Cumhurbaşkanlığı Sözcüsü İbrahim Kalın, Beştepe’de düzenlediği basın toplantısında gündeme ilişkin değerlendirmelerde bulunup basın mensuplarının sorularını yanıtladı.
Cumhurbaşkanlığı Sözcüsü Kalın, son iki gün içerisinde iki devlet başkanının ağırlandığını ve önemli bir zirveye ev sahipliği yapıldığını belirtti.
İlk ziyaretin Rusya Devlet Başkanı Vladimir Putin tarafından Üst Düzey Stratejik Konsey Toplantısı bağlamında gerçekleştiğini aktaran Kalın, bu mekanizma çerçevesinde iki ülke arasındaki ilişkilerin kapsamlı bir şekilde ele alındığını bildirdi.
Türk-Rus ilişkilerinde son yıllarda önemli bir ivme yakalandığına işaret eden Kalın, özellikle Akkuyu Nükleer Güç Santrali’nin temel atma töreniyle de bu ilişkinin ekonomik, ticari ve enerji boyutunda bir dönüm noktasının da yaşandığını kaydetti.
Akkuyu Nükleer Güç Santrali’nin 20 milyar dolarlık değeriyle Türkiye’de tek kalemde yapılan en büyük yatırım olduğunu, tamamlandığında Türkiye’nin elektrik ihtiyacının yüzde 10’unu karşılayacağını belirten Kalın, projenin tamamı hizmete alındığında yaklaşık 3 bin 500 kişiye istihdam sağlanacağını ifade etti.
Türkiye ve Rusya arasındaki 100 milyar dolar hedefli ticaret hacminin 22 milyar dolar civarında seyrettiğini bildiren Kalın, “Bu hedef doğrultusunda da vize rejiminden nakliyat meselesine, sebze meyve ticaretinden turizme kadar çok farklı alanlarda ilişkileri geliştirmeye çalışıyoruz” dedi.
Kalın, bir önceki yıl Türkiye’ye gelen Rus turist sayısının 4,7 milyon olduğunu, bu yıl 6 milyona ulaşmasının beklendiğini aktardı.

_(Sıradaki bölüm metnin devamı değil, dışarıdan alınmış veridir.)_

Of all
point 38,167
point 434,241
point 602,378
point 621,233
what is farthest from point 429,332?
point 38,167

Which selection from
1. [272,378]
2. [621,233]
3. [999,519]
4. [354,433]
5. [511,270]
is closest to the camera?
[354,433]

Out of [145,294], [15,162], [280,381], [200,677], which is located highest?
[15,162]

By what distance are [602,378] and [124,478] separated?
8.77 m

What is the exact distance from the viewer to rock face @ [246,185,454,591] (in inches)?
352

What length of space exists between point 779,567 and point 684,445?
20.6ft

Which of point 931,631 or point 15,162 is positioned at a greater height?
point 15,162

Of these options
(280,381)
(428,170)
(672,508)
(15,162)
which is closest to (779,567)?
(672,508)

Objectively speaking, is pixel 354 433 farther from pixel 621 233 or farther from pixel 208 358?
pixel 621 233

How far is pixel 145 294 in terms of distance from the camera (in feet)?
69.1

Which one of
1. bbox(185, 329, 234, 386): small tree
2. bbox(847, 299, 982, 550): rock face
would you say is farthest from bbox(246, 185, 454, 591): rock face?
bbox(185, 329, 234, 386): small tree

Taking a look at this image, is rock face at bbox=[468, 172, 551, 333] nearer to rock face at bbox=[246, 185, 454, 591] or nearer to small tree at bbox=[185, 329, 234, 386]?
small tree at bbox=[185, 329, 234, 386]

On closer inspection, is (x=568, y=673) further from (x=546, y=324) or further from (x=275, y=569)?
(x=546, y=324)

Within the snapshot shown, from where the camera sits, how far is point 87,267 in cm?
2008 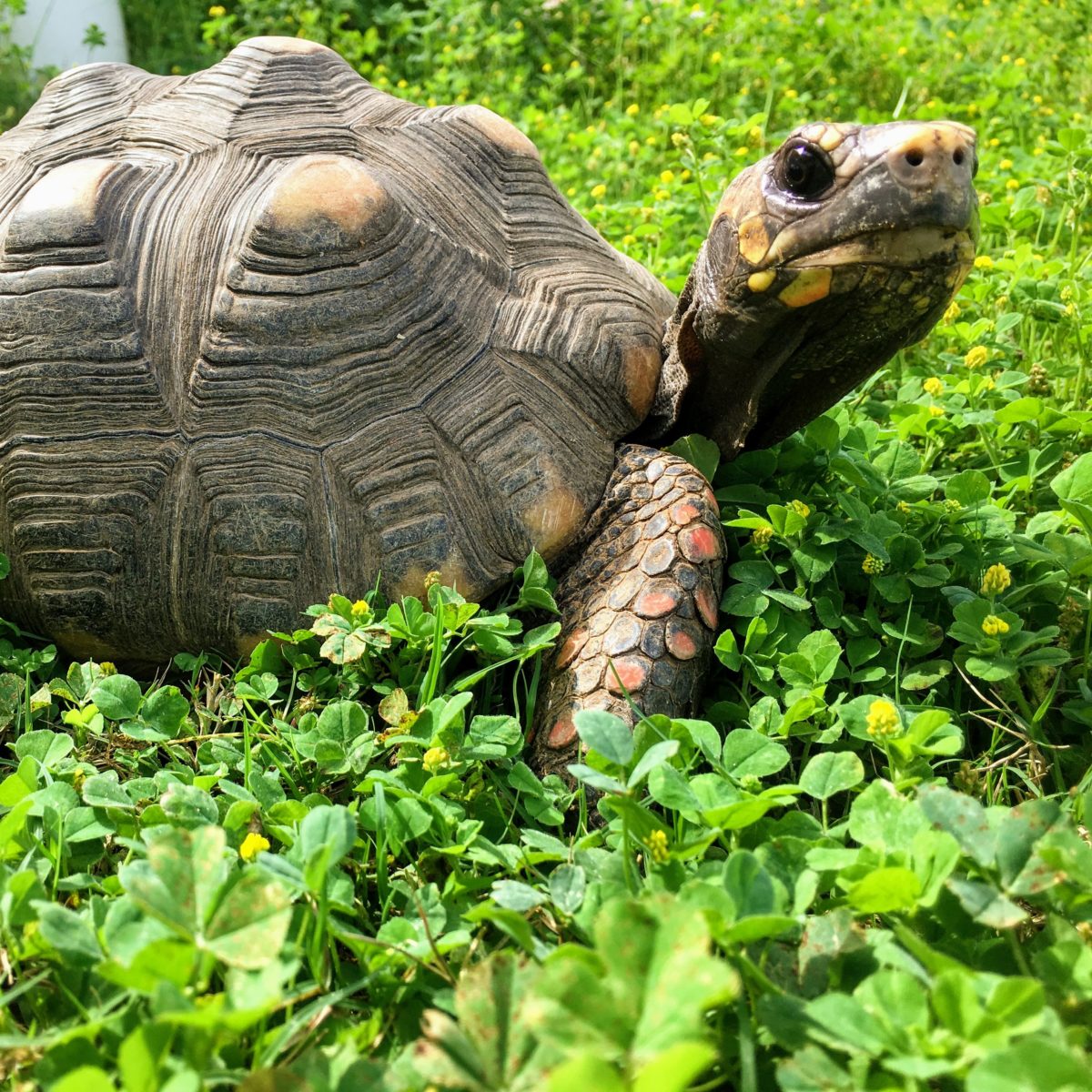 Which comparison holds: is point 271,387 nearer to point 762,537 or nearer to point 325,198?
point 325,198

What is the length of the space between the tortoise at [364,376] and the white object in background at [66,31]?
5244 mm

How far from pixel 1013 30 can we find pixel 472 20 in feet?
10.6

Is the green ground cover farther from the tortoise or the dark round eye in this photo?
the dark round eye

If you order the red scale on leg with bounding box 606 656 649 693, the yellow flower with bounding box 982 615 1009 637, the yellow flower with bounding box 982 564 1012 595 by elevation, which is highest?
the yellow flower with bounding box 982 564 1012 595

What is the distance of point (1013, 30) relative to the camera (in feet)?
21.0

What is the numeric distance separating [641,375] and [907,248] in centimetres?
64

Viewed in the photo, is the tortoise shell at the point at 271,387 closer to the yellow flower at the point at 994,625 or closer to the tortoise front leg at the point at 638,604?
the tortoise front leg at the point at 638,604

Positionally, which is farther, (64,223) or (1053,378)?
(1053,378)

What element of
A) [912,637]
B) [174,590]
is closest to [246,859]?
[174,590]

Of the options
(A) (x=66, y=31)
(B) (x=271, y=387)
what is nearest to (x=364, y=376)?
(B) (x=271, y=387)

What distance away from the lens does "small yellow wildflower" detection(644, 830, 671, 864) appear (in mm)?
1493

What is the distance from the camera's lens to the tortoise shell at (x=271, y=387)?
7.22 ft

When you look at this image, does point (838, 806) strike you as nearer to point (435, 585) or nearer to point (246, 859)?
point (435, 585)

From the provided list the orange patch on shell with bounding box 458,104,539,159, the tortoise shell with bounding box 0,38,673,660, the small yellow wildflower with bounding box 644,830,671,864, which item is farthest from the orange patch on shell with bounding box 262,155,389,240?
the small yellow wildflower with bounding box 644,830,671,864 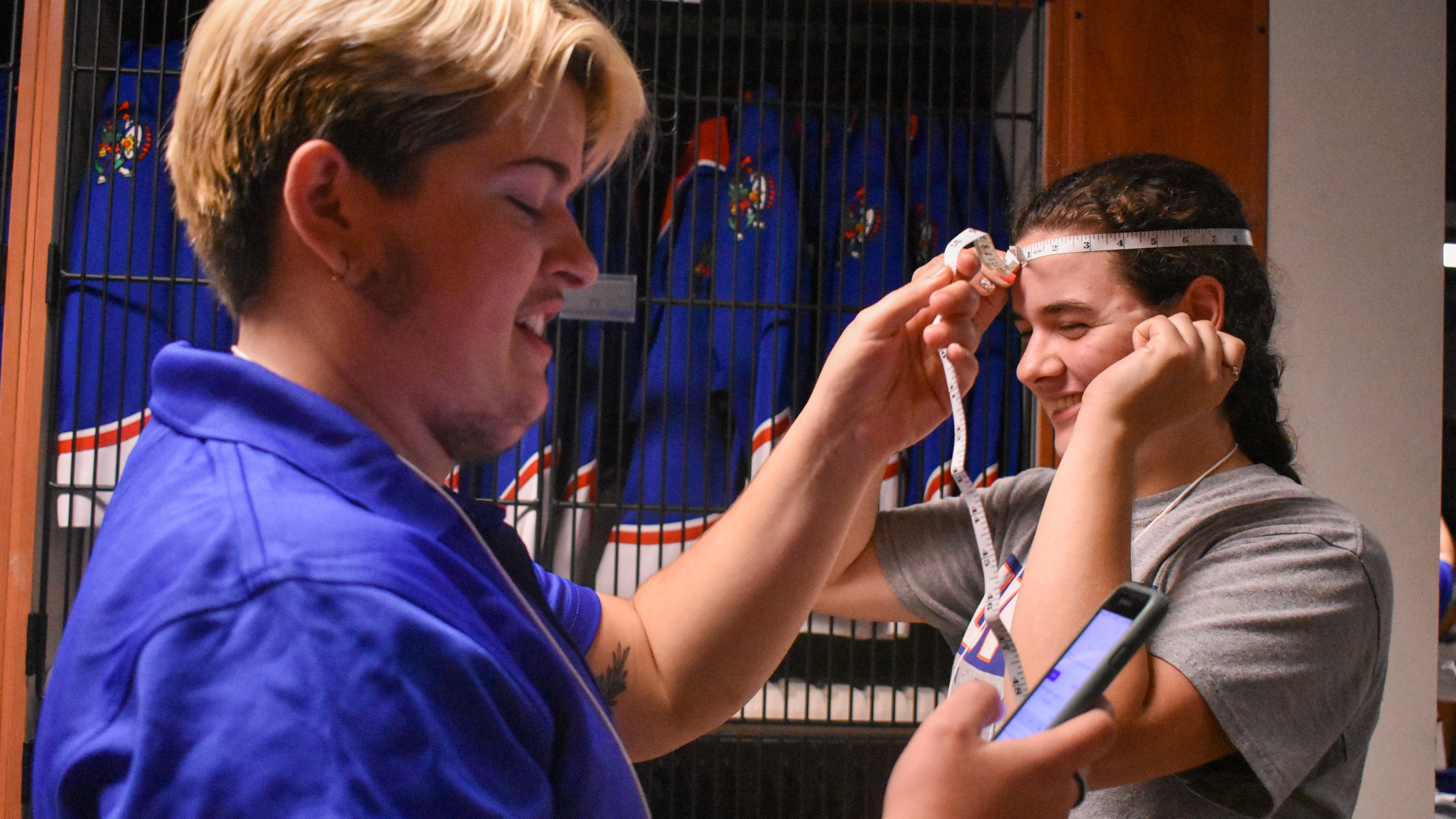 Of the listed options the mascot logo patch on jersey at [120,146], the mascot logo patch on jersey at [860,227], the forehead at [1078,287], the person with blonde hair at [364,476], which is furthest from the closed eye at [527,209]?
the mascot logo patch on jersey at [120,146]

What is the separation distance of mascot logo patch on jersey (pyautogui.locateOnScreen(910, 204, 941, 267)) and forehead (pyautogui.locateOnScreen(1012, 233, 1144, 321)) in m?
0.65

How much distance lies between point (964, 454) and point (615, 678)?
0.44m

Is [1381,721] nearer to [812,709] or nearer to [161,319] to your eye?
[812,709]

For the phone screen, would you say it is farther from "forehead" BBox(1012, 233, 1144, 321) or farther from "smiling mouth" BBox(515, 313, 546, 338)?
"forehead" BBox(1012, 233, 1144, 321)

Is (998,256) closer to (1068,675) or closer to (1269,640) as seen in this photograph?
(1269,640)

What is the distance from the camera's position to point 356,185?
21.0 inches

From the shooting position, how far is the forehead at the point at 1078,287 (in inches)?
40.4

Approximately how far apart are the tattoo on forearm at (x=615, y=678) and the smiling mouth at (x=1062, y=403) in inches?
21.9

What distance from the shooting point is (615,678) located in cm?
84

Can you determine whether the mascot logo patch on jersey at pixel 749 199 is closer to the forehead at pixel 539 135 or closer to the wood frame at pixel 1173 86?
the wood frame at pixel 1173 86

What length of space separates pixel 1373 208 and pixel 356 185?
172 cm

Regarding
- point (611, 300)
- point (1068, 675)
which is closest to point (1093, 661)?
point (1068, 675)

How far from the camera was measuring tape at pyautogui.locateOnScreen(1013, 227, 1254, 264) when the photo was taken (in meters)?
1.03

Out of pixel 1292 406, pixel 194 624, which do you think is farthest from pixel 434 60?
pixel 1292 406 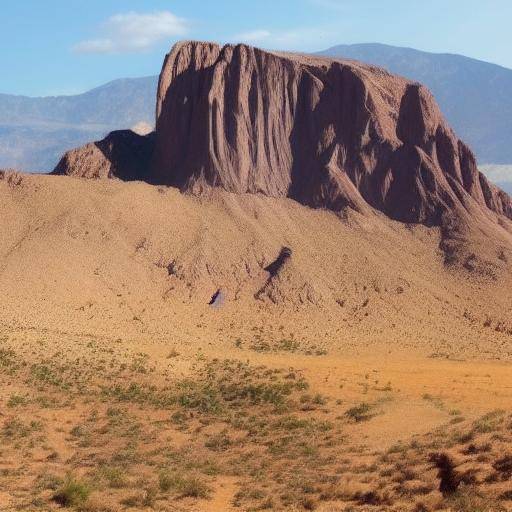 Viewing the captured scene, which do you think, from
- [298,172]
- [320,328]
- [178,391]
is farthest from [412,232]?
[178,391]

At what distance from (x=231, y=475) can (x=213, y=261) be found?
32.6 metres

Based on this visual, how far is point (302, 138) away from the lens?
64.4m

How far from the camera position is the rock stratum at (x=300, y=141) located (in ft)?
201

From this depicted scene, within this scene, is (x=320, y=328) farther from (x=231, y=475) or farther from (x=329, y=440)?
(x=231, y=475)

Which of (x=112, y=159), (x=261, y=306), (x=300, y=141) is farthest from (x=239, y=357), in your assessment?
(x=300, y=141)

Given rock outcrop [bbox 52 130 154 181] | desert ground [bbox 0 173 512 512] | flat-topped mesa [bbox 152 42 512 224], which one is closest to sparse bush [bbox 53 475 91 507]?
desert ground [bbox 0 173 512 512]

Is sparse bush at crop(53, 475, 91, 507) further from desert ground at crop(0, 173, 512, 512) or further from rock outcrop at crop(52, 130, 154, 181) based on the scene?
rock outcrop at crop(52, 130, 154, 181)

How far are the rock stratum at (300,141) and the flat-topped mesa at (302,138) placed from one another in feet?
0.29

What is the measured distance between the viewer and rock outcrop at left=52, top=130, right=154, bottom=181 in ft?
202

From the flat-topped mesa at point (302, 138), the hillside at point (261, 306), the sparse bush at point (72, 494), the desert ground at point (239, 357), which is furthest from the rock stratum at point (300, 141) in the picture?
the sparse bush at point (72, 494)

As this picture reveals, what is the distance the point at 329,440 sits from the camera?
24.6 meters

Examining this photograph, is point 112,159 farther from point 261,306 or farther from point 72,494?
point 72,494

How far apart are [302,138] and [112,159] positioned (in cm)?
1663

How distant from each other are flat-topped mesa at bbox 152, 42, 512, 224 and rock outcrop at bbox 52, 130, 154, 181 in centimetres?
180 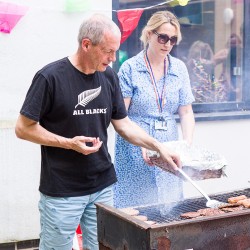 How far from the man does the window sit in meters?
2.81

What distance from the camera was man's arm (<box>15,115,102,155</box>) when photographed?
3.56 m

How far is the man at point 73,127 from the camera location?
364 cm

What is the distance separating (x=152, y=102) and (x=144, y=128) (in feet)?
0.70

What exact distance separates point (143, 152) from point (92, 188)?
81 centimetres

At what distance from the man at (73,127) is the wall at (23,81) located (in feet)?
5.55

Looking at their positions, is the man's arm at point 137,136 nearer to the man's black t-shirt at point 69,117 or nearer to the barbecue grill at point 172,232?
the man's black t-shirt at point 69,117

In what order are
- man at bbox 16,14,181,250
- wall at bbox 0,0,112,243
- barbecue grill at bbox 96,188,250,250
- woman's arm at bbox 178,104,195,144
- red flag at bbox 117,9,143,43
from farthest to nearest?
red flag at bbox 117,9,143,43 < wall at bbox 0,0,112,243 < woman's arm at bbox 178,104,195,144 < man at bbox 16,14,181,250 < barbecue grill at bbox 96,188,250,250

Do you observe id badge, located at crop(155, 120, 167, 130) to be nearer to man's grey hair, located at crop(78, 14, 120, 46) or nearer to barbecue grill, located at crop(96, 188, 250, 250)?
barbecue grill, located at crop(96, 188, 250, 250)

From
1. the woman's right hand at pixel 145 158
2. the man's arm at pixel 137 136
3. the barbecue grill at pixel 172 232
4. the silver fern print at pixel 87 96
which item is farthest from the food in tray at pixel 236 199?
the silver fern print at pixel 87 96

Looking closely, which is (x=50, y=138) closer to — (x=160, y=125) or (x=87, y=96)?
(x=87, y=96)

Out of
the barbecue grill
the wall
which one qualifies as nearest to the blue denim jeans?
the barbecue grill

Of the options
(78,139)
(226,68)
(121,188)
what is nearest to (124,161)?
(121,188)

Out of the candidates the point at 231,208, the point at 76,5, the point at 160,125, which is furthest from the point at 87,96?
the point at 76,5

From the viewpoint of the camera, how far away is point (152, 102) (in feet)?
15.3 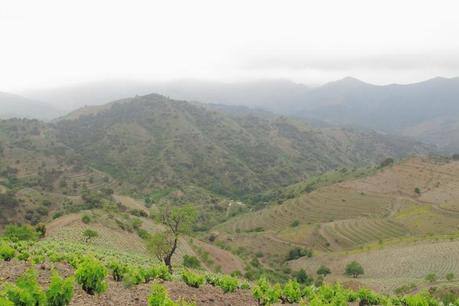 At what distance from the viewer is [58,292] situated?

İki ülke arasındaki ilişkilerin kültürel ve insani boyutu bulunduğunu ve 2019’un karşılıklı olarak Türkiye ve Rusya’da kültür yılı ilan edilerek kutlanacağını anlatan İbrahim Kalın, bu vesileyle Türk-Rus ilişkilerinin tarihi, sosyal, kültürel boyutlarının farklı etkinliklere gündeme getirmeyi planladıklarını vurguladı.
S-400’LERLE İLGİLİ SÜREÇ
Kalın, ikili ilişkilerin önemli bir ayağının da savunma sanayisi alanındaki işbirliği olduğuna işaret ederek, şunları söyledi:
“S-400’le ilgili süreç hızlı bir şekilde ilerliyor ve 2019 yılı içerisinde temmuz ayında S-400 bataryalarının Türkiye’ye teslimiyle ilgili çalışmalar tamamlanmış durumda. Bu, özellikle Türkiye’nin savunma ihtiyaçlarını karşılama noktasında atılmış çok önemli tarihi bir adımdır. Daha önce de çeşitli vesilelerle ifade ettiğimiz gibi S-400 sisteminin bizim NATO üyesi olmamızla herhangi bir ihtilaf teşkil etmesi söz konusu değil. Biz bu sistemi Türkiye’nin kendi ulusal güvenliğini sağlamak amacıyla aldığımızı zaten daha önce de ifade etmiştik. Bu konuda NATO Genel Sekreteri’nin de ‘Bu, Türkiye’nin kendi egemen kararıdır şeklindeki açıklamasını memnuniyetle karşıladığımızı bir kez daha ifade etmek isterim.”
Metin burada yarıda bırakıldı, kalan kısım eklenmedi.